■ EXERCISE: Each entry needs to be repeated exactly, with nothing added or removed.

Crawled caption data:

:::

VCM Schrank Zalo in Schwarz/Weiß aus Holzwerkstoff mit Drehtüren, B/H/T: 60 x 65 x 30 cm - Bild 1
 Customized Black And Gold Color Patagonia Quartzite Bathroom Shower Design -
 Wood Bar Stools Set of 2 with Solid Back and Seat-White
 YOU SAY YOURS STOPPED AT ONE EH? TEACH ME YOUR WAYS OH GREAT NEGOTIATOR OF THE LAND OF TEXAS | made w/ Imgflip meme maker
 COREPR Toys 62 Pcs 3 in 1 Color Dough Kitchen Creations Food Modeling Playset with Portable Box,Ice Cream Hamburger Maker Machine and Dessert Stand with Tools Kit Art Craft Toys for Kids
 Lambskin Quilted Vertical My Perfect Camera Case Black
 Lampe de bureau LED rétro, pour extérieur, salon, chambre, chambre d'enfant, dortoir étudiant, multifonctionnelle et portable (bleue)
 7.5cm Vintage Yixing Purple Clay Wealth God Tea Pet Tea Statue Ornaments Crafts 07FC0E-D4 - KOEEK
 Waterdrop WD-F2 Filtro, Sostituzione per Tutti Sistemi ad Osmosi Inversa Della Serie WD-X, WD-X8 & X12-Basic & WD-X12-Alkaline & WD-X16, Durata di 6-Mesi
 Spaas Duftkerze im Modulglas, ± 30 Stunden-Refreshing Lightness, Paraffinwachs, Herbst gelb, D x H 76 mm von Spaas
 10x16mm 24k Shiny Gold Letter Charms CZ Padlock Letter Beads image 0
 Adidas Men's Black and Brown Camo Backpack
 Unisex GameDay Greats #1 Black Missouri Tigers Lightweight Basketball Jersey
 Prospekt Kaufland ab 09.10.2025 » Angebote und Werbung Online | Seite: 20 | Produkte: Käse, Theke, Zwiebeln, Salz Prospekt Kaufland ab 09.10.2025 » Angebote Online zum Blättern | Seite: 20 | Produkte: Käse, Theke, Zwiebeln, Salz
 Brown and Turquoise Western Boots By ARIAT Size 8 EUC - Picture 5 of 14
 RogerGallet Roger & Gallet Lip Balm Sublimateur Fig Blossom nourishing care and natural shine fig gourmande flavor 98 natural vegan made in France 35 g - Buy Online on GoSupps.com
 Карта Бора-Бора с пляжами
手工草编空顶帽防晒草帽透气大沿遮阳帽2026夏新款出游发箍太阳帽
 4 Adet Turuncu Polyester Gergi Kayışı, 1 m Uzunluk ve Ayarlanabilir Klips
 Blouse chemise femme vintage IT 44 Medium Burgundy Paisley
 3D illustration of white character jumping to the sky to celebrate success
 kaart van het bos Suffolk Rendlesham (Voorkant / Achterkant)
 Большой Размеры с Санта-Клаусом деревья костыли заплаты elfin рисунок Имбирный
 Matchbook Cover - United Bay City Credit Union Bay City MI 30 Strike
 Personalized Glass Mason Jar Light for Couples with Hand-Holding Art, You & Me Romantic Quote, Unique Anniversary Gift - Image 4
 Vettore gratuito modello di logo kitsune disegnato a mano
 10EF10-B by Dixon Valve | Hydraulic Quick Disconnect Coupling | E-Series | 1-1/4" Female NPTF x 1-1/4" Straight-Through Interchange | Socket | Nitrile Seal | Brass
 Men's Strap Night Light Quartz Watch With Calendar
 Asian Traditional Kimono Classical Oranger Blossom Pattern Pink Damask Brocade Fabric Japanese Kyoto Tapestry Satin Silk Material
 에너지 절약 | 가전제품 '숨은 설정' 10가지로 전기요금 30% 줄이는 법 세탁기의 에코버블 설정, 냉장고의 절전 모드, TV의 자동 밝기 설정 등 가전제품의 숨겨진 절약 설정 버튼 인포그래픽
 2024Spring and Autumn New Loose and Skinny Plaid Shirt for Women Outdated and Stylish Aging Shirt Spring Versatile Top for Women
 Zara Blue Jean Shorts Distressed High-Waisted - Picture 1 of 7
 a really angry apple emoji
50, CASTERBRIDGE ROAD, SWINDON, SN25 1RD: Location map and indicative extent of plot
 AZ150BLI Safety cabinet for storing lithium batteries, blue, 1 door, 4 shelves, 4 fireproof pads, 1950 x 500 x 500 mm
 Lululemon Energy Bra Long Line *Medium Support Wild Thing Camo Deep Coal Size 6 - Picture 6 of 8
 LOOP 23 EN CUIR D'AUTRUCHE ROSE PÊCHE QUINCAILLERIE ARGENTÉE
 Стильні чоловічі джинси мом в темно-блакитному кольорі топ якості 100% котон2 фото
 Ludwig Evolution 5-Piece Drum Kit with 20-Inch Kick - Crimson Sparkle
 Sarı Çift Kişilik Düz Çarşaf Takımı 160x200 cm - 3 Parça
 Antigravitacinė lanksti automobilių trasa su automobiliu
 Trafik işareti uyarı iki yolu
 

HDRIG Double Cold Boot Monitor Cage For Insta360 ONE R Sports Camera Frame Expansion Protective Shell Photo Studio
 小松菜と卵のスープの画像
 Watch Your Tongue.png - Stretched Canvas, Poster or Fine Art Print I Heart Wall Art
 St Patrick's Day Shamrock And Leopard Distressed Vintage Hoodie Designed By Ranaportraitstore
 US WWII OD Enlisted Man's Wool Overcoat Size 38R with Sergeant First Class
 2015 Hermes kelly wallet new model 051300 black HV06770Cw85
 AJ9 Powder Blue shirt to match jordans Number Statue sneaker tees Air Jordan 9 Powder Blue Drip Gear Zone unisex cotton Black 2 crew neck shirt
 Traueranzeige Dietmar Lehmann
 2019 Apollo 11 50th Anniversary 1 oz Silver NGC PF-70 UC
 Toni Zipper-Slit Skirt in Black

:::

■ ANSWER TO THE PROBLEM:
VCM Schrank Zalo in Schwarz/Weiß aus Holzwerkstoff mit Drehtüren, B/H/T: 60 x 65 x 30 cm - Bild 1
 Customized Black And Gold Color Patagonia Quartzite Bathroom Shower Design -
 Wood Bar Stools Set of 2 with Solid Back and Seat-White
 YOU SAY YOURS STOPPED AT ONE EH? TEACH ME YOUR WAYS OH GREAT NEGOTIATOR OF THE LAND OF TEXAS | made w/ Imgflip meme maker
 COREPR Toys 62 Pcs 3 in 1 Color Dough Kitchen Creations Food Modeling Playset with Portable Box,Ice Cream Hamburger Maker Machine and Dessert Stand with Tools Kit Art Craft Toys for Kids
 Lambskin Quilted Vertical My Perfect Camera Case Black
 Lampe de bureau LED rétro, pour extérieur, salon, chambre, chambre d'enfant, dortoir étudiant, multifonctionnelle et portable (bleue)
 7.5cm Vintage Yixing Purple Clay Wealth God Tea Pet Tea Statue Ornaments Crafts 07FC0E-D4 - KOEEK
 Waterdrop WD-F2 Filtro, Sostituzione per Tutti Sistemi ad Osmosi Inversa Della Serie WD-X, WD-X8 & X12-Basic & WD-X12-Alkaline & WD-X16, Durata di 6-Mesi
 Spaas Duftkerze im Modulglas, ± 30 Stunden-Refreshing Lightness, Paraffinwachs, Herbst gelb, D x H 76 mm von Spaas
 10x16mm 24k Shiny Gold Letter Charms CZ Padlock Letter Beads image 0
 Adidas Men's Black and Brown Camo Backpack
 Unisex GameDay Greats #1 Black Missouri Tigers Lightweight Basketball Jersey
 Prospekt Kaufland ab 09.10.2025 » Angebote und Werbung Online | Seite: 20 | Produkte: Käse, Theke, Zwiebeln, Salz Prospekt Kaufland ab 09.10.2025 » Angebote Online zum Blättern | Seite: 20 | Produkte: Käse, Theke, Zwiebeln, Salz
 Brown and Turquoise Western Boots By ARIAT Size 8 EUC - Picture 5 of 14
 RogerGallet Roger & Gallet Lip Balm Sublimateur Fig Blossom nourishing care and natural shine fig gourmande flavor 98 natural vegan made in France 35 g - Buy Online on GoSupps.com
 Карта Бора-Бора с пляжами
手工草编空顶帽防晒草帽透气大沿遮阳帽2026夏新款出游发箍太阳帽
 4 Adet Turuncu Polyester Gergi Kayışı, 1 m Uzunluk ve Ayarlanabilir Klips
 Blouse chemise femme vintage IT 44 Medium Burgundy Paisley
 3D illustration of white character jumping to the sky to celebrate success
 kaart van het bos Suffolk Rendlesham (Voorkant / Achterkant)
 Большой Размеры с Санта-Клаусом деревья костыли заплаты elfin рисунок Имбирный
 Matchbook Cover - United Bay City Credit Union Bay City MI 30 Strike
 Personalized Glass Mason Jar Light for Couples with Hand-Holding Art, You & Me Romantic Quote, Unique Anniversary Gift - Image 4
 Vettore gratuito modello di logo kitsune disegnato a mano
 10EF10-B by Dixon Valve | Hydraulic Quick Disconnect Coupling | E-Series | 1-1/4" Female NPTF x 1-1/4" Straight-Through Interchange | Socket | Nitrile Seal | Brass
 Men's Strap Night Light Quartz Watch With Calendar
 Asian Traditional Kimono Classical Oranger Blossom Pattern Pink Damask Brocade Fabric Japanese Kyoto Tapestry Satin Silk Material
 에너지 절약 | 가전제품 '숨은 설정' 10가지로 전기요금 30% 줄이는 법 세탁기의 에코버블 설정, 냉장고의 절전 모드, TV의 자동 밝기 설정 등 가전제품의 숨겨진 절약 설정 버튼 인포그래픽
 2024Spring and Autumn New Loose and Skinny Plaid Shirt for Women Outdated and Stylish Aging Shirt Spring Versatile Top for Women
 Zara Blue Jean Shorts Distressed High-Waisted - Picture 1 of 7
 a really angry apple emoji
50, CASTERBRIDGE ROAD, SWINDON, SN25 1RD: Location map and indicative extent of plot
 AZ150BLI Safety cabinet for storing lithium batteries, blue, 1 door, 4 shelves, 4 fireproof pads, 1950 x 500 x 500 mm
 Lululemon Energy Bra Long Line *Medium Support Wild Thing Camo Deep Coal Size 6 - Picture 6 of 8
 LOOP 23 EN CUIR D'AUTRUCHE ROSE PÊCHE QUINCAILLERIE ARGENTÉE
 Стильні чоловічі джинси мом в темно-блакитному кольорі топ якості 100% котон2 фото
 Ludwig Evolution 5-Piece Drum Kit with 20-Inch Kick - Crimson Sparkle
 Sarı Çift Kişilik Düz Çarşaf Takımı 160x200 cm - 3 Parça
 Antigravitacinė lanksti automobilių trasa su automobiliu
 Trafik işareti uyarı iki yolu
 

HDRIG Double Cold Boot Monitor Cage For Insta360 ONE R Sports Camera Frame Expansion Protective Shell Photo Studio
 小松菜と卵のスープの画像
 Watch Your Tongue.png - Stretched Canvas, Poster or Fine Art Print I Heart Wall Art
 St Patrick's Day Shamrock And Leopard Distressed Vintage Hoodie Designed By Ranaportraitstore
 US WWII OD Enlisted Man's Wool Overcoat Size 38R with Sergeant First Class
 2015 Hermes kelly wallet new model 051300 black HV06770Cw85
 AJ9 Powder Blue shirt to match jordans Number Statue sneaker tees Air Jordan 9 Powder Blue Drip Gear Zone unisex cotton Black 2 crew neck shirt
 Traueranzeige Dietmar Lehmann
 2019 Apollo 11 50th Anniversary 1 oz Silver NGC PF-70 UC
 Toni Zipper-Slit Skirt in Black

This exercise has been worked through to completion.